Top of Listed records
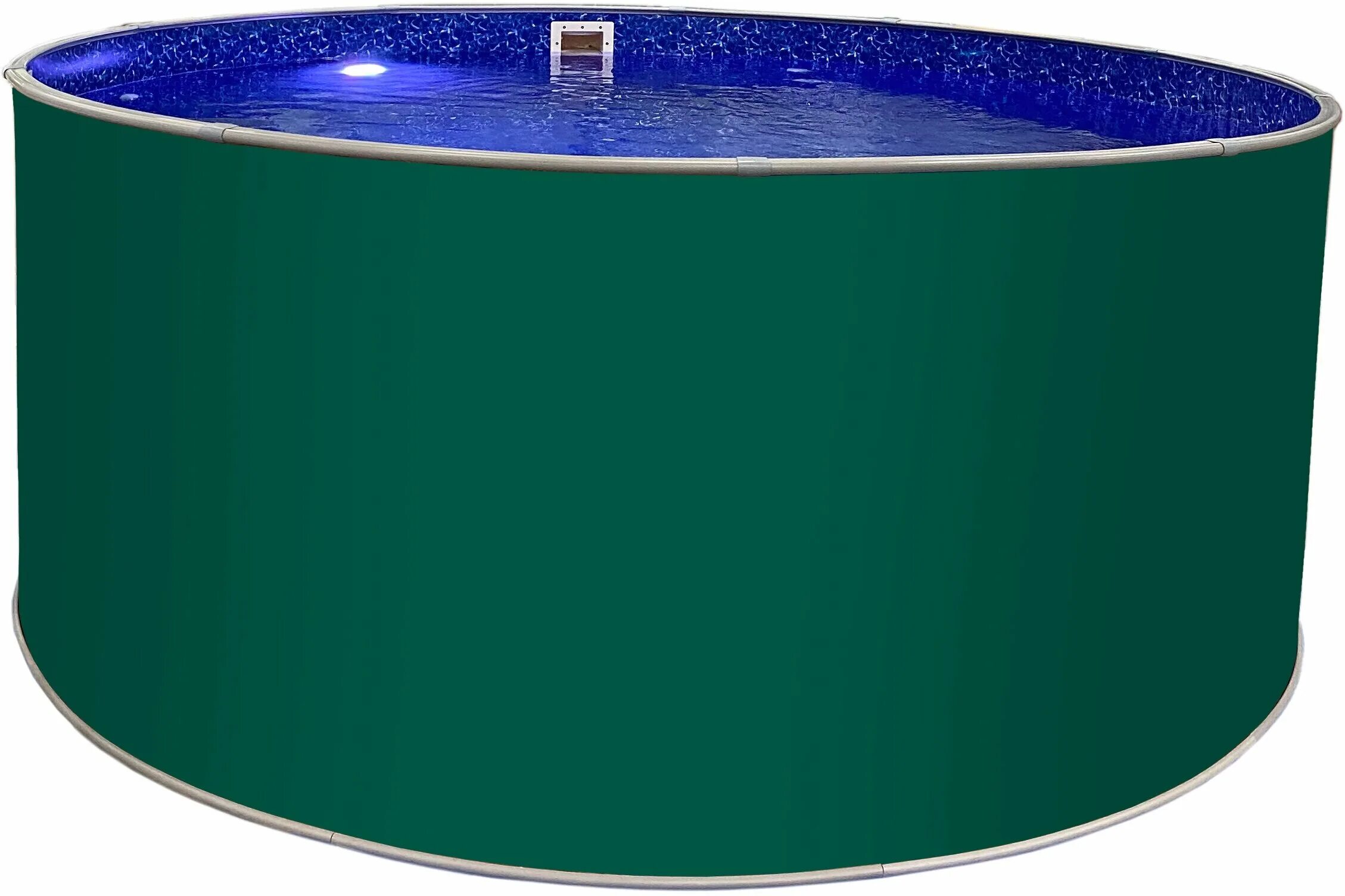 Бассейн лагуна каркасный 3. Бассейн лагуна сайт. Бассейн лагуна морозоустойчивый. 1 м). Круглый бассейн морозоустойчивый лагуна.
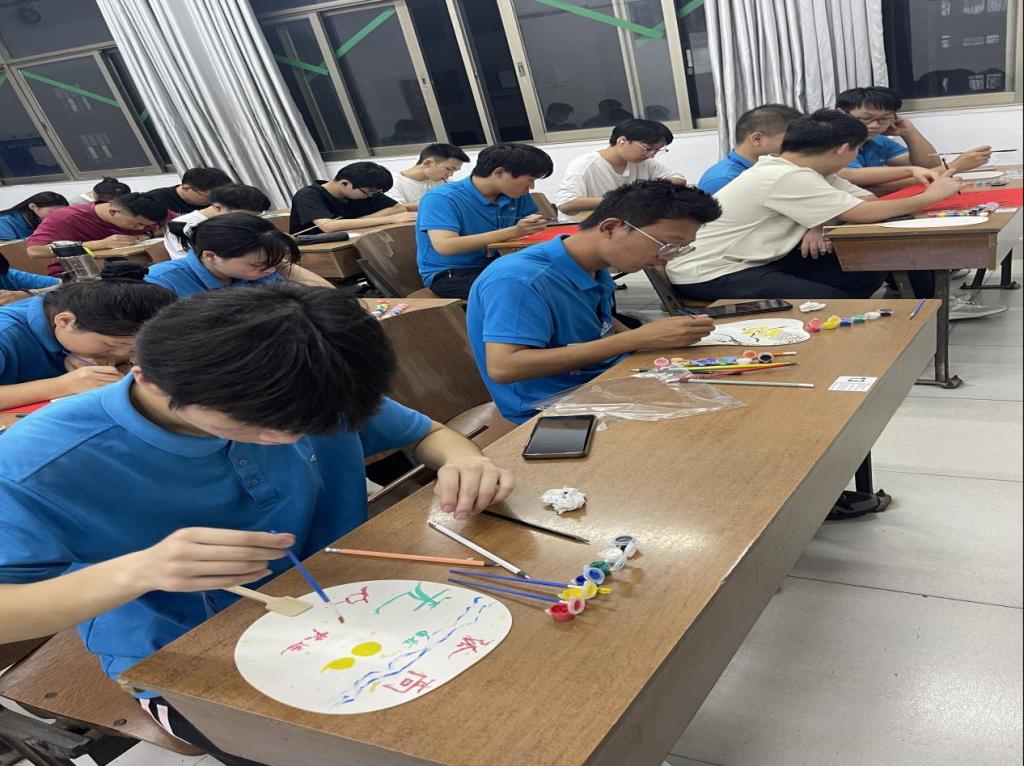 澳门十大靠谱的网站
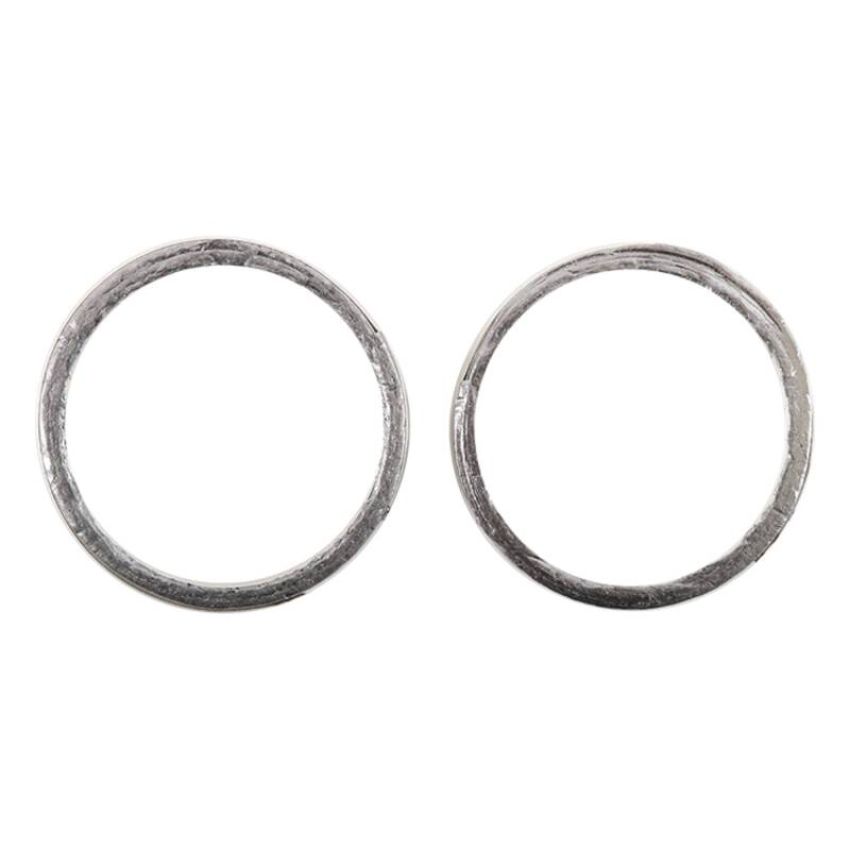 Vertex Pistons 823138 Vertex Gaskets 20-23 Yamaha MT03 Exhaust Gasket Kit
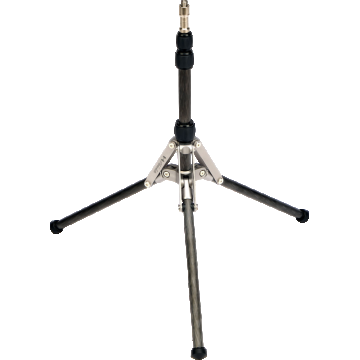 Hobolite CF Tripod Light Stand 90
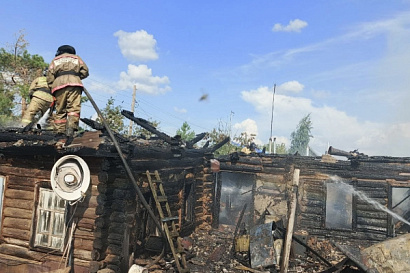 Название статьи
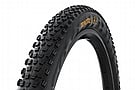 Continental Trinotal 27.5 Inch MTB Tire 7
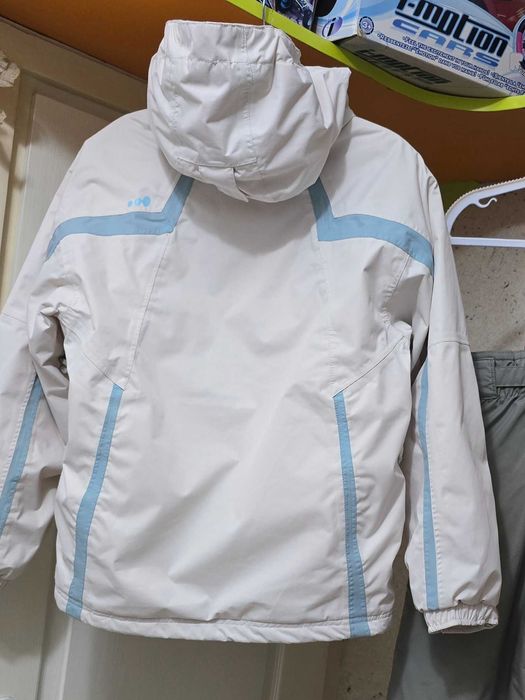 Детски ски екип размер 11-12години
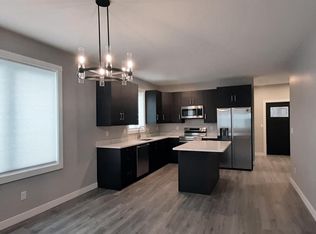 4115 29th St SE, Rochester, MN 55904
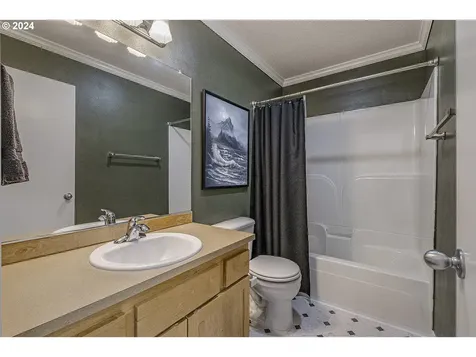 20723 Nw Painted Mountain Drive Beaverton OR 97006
Bottom of Listed records
The line containing "Hobolite CF Tripod Light Stand 90" and each line after it through the end of the listing above are to be written out exactly, without the pictures.

 Hobolite CF Tripod Light Stand 90
 Название статьи
 Continental Trinotal 27.5 Inch MTB Tire 7
 Детски ски екип размер 11-12години
 4115 29th St SE, Rochester, MN 55904
 20723 Nw Painted Mountain Drive Beaverton OR 97006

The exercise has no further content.